Requirement:
Below are some records. Retype exactly the lines from the one containing "unbeliever__" through the one containing "Brooks Brothers Women's", both included, skipping every picture.

[[ Data provided open ]]

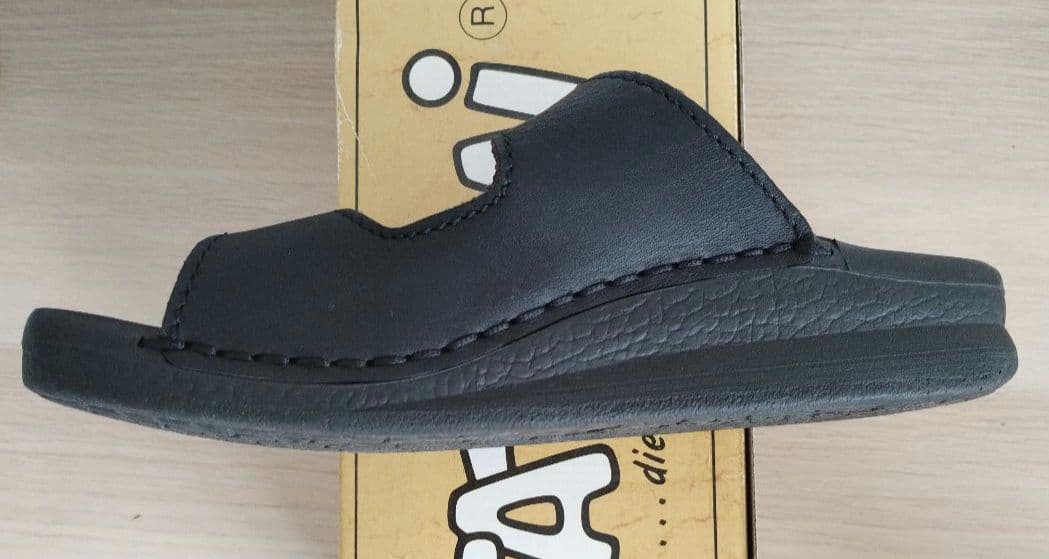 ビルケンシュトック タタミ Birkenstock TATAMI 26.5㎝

[[ Data provided closed ]]
[[ Data provided open ]]

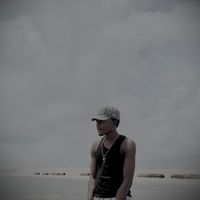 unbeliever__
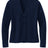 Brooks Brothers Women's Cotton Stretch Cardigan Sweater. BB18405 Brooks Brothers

[[ Data provided closed ]]

Output of the task:
 unbeliever__
 Brooks Brothers Women's Cotton Stretch Cardigan Sweater. BB18405 Brooks Brothers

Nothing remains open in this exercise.